O certo, porém, é que, maconhado ou não, estava a serviço de uma espécie de azar que, nesse particular, me persegue. Não foi esta a primeira vez que a maconha ou o acaso me escolhem para vítima. Talvez o leitor já tenha ouvido falar que, durante a ditadura, fui para o exílio. Pois é, fui acusado de ações subversivas contra o regime militar. Pois bem, não digo que essa acusação fosse falsa, e tanto não era que decidi cair fora antes que o DOI-Codi me pegasse.

Não vou contar aqui o que passei, mudando de país conforme as circunstâncias e as ameaças. Em resumo, comi o pão que o Diabo amassou, mas, um dia, consegui voltar para casa. Passei por alguns percalços ao regressar, mas pouco depois estava com minha família e, no Luna Bar, com meus amigos. Fui então aconselhado, por um advogado amigo, a solicitar ao Superior Tribunal Militar, cópia da decisão me havia absolvido e levei um susto: o cara, que os milicos procuravam e contra o qual iniciaram aquele processo por subversão era José de Ribamar como eu, mas não era eu. Ou seja, o José de Ribamar que pagou o pato fui eu, mas o absolvido foi outro.

Por isso rezo todos os dias para que os militares não voltem ao poder, pois do contrário vou ter que me mandar de novo não sei para onde. Bem, isso é pouco provável que aconteça, mas, em compensação, sempre haverá um guarda de trânsito para me acusar do que não fiz.

Foi assim que, como disse no início da crônica, abri a carta do Departamento de Transportes da Prefeitura, que me acusava de dirigir meu carro falando ao celular. Minha primeira reação foi de espanto e revolta, mas verifiquei que, junto com a acusação, havia informações do que deveria eu fazer, caso decidisse recorrer da multa que me havia sido imposta.

Aquilo me deixou mais revoltado ainda: para escapar da acusação infundada, terei eu que entrar com dois processos no tal famigerado Departamento de Transportes e tentar provar que sou inocente.

Provar inocência?! Mal consigo acreditar.

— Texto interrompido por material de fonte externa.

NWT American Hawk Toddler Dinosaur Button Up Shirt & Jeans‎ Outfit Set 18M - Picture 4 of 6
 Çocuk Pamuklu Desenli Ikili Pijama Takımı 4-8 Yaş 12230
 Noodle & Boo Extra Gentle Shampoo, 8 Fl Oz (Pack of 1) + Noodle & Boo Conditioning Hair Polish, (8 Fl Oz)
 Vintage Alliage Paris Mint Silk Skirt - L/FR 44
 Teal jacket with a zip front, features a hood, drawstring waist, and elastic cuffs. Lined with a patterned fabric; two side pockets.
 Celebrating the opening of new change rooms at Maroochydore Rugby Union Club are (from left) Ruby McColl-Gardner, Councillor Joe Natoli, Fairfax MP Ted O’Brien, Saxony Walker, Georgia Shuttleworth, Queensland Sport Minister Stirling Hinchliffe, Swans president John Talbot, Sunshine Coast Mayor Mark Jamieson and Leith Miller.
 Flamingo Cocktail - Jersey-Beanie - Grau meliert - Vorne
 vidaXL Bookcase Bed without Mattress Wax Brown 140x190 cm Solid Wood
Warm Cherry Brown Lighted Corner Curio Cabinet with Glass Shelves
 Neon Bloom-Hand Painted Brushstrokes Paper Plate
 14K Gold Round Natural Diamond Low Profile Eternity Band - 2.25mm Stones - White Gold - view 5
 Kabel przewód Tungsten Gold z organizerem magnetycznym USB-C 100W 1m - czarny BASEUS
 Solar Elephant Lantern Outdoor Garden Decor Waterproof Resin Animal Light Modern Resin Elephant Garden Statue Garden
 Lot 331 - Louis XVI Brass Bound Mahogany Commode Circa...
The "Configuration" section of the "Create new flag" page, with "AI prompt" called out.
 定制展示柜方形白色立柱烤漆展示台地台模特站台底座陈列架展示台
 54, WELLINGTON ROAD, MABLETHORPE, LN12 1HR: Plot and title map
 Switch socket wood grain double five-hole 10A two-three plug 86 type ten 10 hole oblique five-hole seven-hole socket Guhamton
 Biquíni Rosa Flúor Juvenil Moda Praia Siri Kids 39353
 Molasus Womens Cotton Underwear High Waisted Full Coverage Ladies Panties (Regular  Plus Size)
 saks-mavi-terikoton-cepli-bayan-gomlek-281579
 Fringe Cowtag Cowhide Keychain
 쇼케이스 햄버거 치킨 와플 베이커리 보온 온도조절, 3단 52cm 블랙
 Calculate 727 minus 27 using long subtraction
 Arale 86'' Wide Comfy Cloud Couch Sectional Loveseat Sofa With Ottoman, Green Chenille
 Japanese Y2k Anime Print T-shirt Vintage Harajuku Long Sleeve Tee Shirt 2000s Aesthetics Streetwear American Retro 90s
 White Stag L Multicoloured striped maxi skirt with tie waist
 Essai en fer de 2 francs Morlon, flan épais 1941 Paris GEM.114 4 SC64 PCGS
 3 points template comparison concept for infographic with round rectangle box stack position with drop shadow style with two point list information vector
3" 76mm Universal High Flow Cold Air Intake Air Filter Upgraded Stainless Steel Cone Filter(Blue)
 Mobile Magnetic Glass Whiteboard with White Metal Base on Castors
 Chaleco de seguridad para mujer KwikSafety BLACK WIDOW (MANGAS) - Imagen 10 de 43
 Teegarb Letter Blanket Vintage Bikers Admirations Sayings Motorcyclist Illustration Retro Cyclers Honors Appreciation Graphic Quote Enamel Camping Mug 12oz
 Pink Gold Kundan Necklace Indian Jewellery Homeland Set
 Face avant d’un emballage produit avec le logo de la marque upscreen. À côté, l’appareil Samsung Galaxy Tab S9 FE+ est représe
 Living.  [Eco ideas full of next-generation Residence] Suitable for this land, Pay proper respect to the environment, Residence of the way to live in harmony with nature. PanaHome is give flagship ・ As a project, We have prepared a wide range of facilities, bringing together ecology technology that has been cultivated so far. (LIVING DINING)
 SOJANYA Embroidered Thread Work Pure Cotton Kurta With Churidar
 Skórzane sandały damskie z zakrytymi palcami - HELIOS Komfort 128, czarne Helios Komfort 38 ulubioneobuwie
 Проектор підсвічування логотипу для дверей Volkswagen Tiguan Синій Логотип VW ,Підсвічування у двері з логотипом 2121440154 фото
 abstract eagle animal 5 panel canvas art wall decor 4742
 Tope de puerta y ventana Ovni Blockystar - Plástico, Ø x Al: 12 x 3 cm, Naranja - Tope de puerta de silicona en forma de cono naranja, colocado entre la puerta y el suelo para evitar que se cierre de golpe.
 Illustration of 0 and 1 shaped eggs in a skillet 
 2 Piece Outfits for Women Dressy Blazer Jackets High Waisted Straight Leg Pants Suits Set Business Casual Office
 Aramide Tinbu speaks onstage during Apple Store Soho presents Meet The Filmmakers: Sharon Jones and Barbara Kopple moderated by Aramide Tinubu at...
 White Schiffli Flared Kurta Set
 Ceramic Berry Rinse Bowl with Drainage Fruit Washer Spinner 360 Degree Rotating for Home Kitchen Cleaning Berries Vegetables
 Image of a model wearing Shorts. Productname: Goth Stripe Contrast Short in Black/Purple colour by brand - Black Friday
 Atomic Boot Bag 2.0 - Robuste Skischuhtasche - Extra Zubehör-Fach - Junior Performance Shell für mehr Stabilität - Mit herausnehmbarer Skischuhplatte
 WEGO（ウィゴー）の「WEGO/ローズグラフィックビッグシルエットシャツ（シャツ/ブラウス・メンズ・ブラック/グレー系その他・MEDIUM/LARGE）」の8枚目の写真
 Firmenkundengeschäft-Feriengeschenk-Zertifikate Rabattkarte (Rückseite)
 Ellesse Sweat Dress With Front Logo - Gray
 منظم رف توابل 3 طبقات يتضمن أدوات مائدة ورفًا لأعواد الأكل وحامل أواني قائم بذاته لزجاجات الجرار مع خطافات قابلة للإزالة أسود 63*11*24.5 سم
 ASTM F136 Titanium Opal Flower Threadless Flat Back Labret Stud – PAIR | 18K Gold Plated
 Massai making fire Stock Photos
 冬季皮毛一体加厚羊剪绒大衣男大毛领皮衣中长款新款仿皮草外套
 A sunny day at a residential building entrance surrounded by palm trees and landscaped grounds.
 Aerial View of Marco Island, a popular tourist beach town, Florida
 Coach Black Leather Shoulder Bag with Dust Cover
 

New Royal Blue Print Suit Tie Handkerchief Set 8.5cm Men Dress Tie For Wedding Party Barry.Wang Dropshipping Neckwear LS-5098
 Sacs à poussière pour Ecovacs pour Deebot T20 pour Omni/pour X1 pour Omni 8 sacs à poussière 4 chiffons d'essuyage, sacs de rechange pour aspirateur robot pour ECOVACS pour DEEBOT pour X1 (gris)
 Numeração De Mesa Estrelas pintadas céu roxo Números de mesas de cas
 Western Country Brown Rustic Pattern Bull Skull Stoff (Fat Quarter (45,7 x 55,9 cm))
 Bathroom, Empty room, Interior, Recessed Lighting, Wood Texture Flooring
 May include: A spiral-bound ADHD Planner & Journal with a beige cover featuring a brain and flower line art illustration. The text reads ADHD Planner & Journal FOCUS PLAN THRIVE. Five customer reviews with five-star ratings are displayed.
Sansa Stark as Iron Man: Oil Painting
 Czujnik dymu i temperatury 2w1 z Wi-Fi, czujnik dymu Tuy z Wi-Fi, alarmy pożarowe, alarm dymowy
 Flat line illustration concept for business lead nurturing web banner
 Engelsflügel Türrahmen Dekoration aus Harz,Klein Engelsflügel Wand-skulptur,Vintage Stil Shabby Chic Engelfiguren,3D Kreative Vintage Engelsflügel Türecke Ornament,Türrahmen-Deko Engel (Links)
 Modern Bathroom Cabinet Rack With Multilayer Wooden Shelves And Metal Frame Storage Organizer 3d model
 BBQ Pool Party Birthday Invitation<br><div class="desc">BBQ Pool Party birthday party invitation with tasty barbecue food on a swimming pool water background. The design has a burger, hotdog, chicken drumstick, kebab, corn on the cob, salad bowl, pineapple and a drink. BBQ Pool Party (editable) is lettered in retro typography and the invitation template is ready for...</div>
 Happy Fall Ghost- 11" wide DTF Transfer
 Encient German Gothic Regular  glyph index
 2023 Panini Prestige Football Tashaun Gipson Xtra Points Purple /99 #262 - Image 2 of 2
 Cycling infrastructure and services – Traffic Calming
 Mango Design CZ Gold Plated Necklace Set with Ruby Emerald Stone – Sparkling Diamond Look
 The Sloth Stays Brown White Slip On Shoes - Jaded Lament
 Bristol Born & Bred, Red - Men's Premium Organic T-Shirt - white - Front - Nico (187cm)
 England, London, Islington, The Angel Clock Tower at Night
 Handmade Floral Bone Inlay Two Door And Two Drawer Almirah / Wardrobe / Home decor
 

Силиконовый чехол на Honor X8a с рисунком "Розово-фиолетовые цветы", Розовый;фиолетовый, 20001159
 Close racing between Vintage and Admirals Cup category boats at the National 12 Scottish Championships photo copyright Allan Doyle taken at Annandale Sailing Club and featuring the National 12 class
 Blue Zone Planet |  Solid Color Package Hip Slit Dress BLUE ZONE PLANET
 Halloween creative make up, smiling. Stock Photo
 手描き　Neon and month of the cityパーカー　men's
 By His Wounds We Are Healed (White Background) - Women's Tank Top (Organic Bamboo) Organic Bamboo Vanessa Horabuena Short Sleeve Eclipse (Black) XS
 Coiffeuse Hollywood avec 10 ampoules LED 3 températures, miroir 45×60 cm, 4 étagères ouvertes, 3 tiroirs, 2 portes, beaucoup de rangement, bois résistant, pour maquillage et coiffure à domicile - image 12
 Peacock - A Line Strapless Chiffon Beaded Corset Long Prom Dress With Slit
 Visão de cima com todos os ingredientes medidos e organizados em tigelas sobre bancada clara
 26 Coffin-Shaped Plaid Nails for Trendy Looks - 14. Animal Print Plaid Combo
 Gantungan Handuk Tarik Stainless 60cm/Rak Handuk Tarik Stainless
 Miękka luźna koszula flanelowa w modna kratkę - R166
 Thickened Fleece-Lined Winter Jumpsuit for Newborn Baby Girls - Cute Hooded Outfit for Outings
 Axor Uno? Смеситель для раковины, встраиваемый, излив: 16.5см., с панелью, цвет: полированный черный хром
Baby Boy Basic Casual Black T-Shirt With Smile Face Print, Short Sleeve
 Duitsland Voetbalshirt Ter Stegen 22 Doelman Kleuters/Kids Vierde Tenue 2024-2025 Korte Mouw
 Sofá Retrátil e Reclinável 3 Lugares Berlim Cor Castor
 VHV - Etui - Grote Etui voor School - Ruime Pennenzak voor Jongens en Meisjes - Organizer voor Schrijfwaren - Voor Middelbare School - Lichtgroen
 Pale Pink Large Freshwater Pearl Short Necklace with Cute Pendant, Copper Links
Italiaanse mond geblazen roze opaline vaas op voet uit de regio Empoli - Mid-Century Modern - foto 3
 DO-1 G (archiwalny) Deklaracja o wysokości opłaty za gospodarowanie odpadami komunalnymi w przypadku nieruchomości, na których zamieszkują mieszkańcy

Alguém precisa dizer a esse pessoal uma coisa que todo mundo sabe, isto é, que o ônus da prova cabe a quem acusa e não a quem é acusado. Não é esse o argumento que estão usando para dispensar o Palocci de explicar donde veio sua súbita fortuna? Quer dizer que o que vale para gente do governo não vale para nós? A nossa Constituição diz que todo cidadão é inocente até que sua culpa seja comprovada. Não obstante, parece que, para o Departamento de Transporte da Prefeitura do Rio de Janeiro, a Constituição não vale: é o acusado que deve provar sua inocência.

Diante disso, o que faço? Me exilo de novo?